Includes a Modern Library Reading Group Guide
Lewis Carroll's marvelous recounting of Alice's adventures -- accompanied by John Tenniel's original illustrations -- is supplemented by newly commissioned explanatory notes and a reading group guide.
About the Author
“Lewis Carroll,” creator of the brilliantly witty Alice’s Adventures in Wonderland
, was a pseudonym for Charles Lutwidge Dodgson, a shy Oxford don with a stammer.
He was born at Daresbury, Cheshire on January 27, 1832, son of a vicar. As the eldest boy among eleven children, he learned early to amuse his siblings by writing and editing family magazines. He was educated at Christ Church College, Oxford, where he lectured in mathematics from1855 to 1881. In 1861 he was ordained as a deacon.

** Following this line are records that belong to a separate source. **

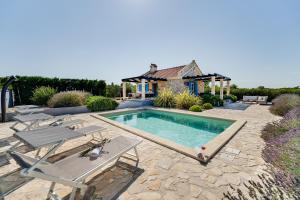 Stonehouse Milan
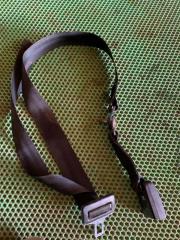 Ремень безопасности задний RENAULT Logan 2008 Б/У Ремень безопасности задний RENAULT Logan 2008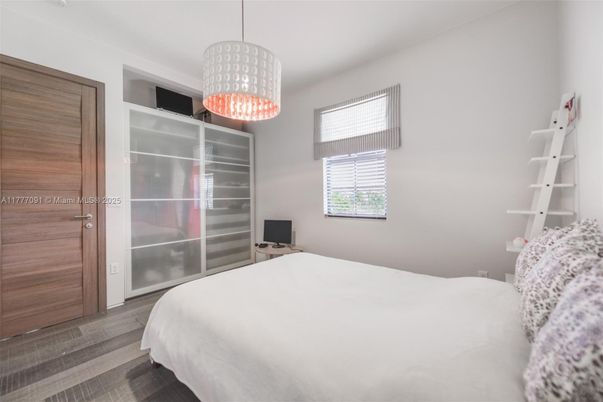 Bedroom, Interior, Pendant Lights, Wood Texture Flooring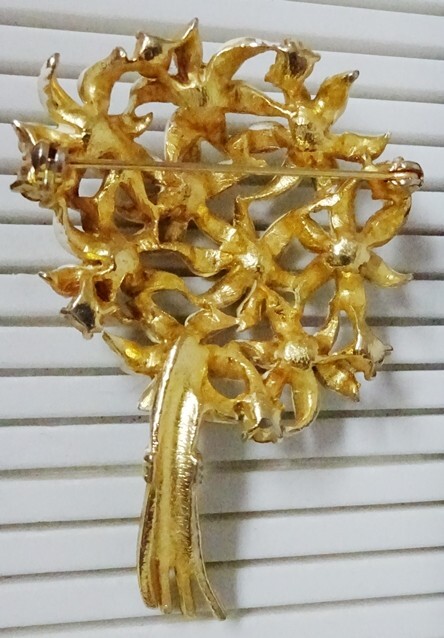 Vintage 1960s Enameled Yellow Lily Lilies Flowers Rhinestone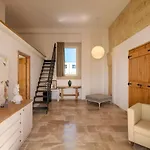 Dimora Oru Bed and Breakfast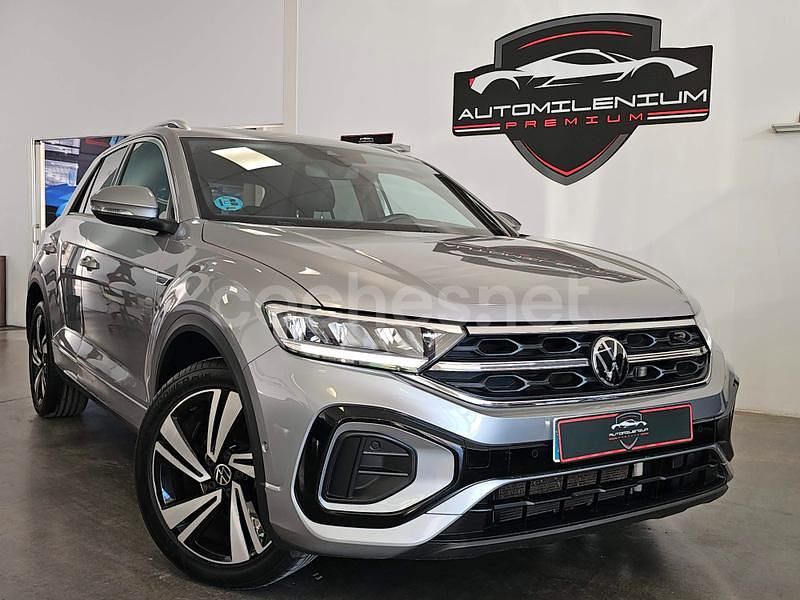 Gris / plata Usado 2022 VW T-Roc R-line SUV | 26.900 € (Precio justo) - Imagen 1/4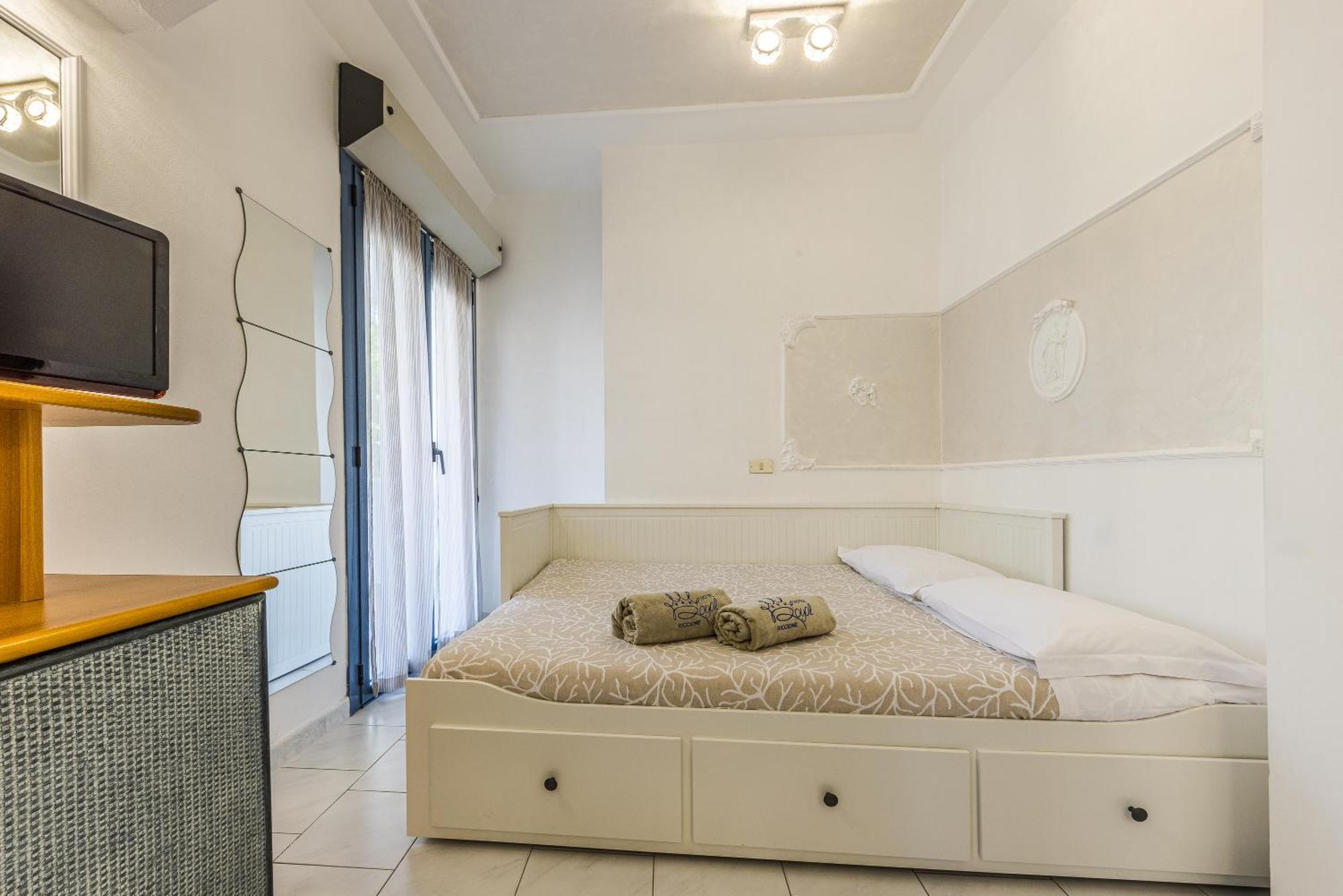 Royal Boutique Hotel Riccione Kültér fotó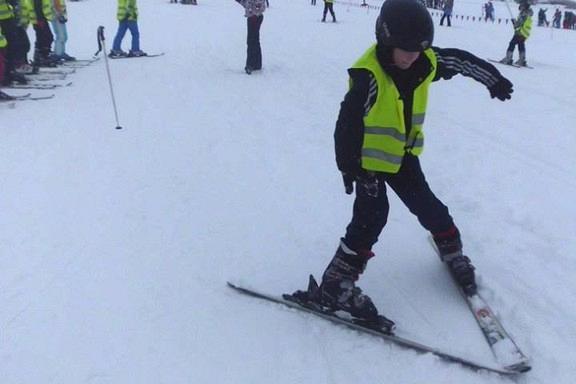 Śnieg,narty i dobra zabawa.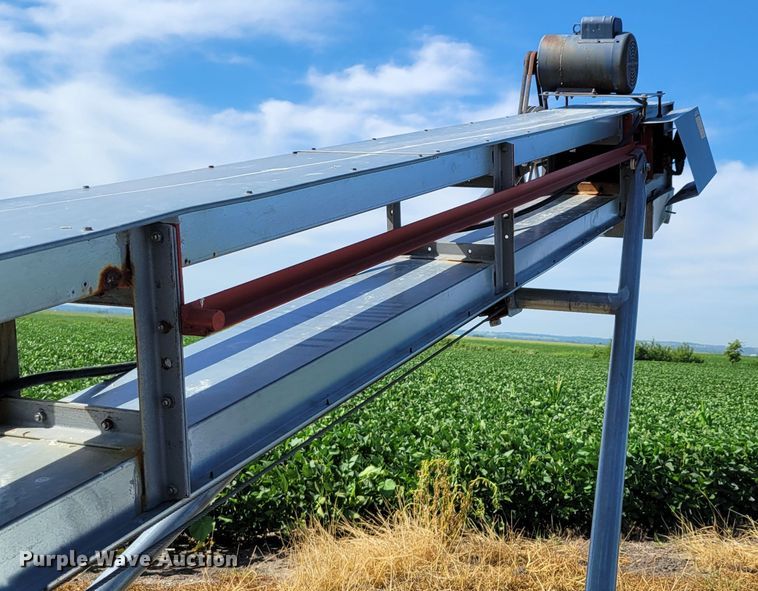 image for item DM2436 Cardinal BC10  conveyor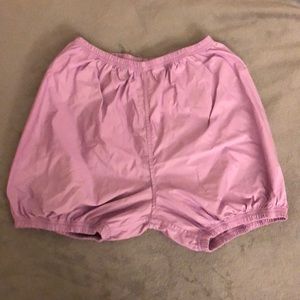 Bullet Pointe Shorts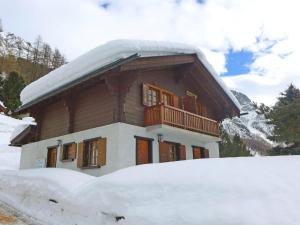 Fotografie z fotogalerie ubytování Chalet Notre Rêve by Interhome v destinaci Zinal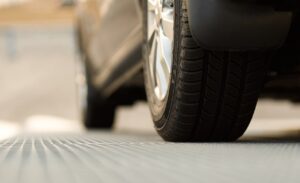 Hackeri nepoznajú hranice: Na sledovanie vášho auta im stačia senzory tlaku v pneumatikách TPMS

Dodgson’s entry into the world of fiction was accidental. It happened one “golden afternoon” as he escorted his colleague’s three daughters on a trip up the river Isis. There he invented the story that might have been forgotten if not for the persistence of the youngest girl, Alice Liddell. Thanks to her, and to her encouraging friends, Alice was published in 1865, with drawings by the political cartoonist, John Tenniel. After Alice, Dodgson wrote Phantasmagoria and Other Poems (1869), Through the Looking-Glass (1871), The Hunting of Shark (1876, and Rhyme? and Reason? (1883).
As a mathematician Dodgson is best known for Euclid and His Modern Rivals (1879). He was also a superb children’s photographer, who captured the delicate, sensuous beauty of such little girls as Alice Liddell and Ellen Terry, the future actress. W.H. Auden called him “one of the best portrait photographer of the century.” Dodgson was also an inventor; his projects included a game of arithmetic croquet, a substitute for glue, and an apparatus for making notes in the dark. Though he sought publication for his light verse, he never dreamed his true gift–telling stories to children–merited publication or lasting fame, and he avoided publicity scrupulously Charles Dodgson died in 1898 of influenza.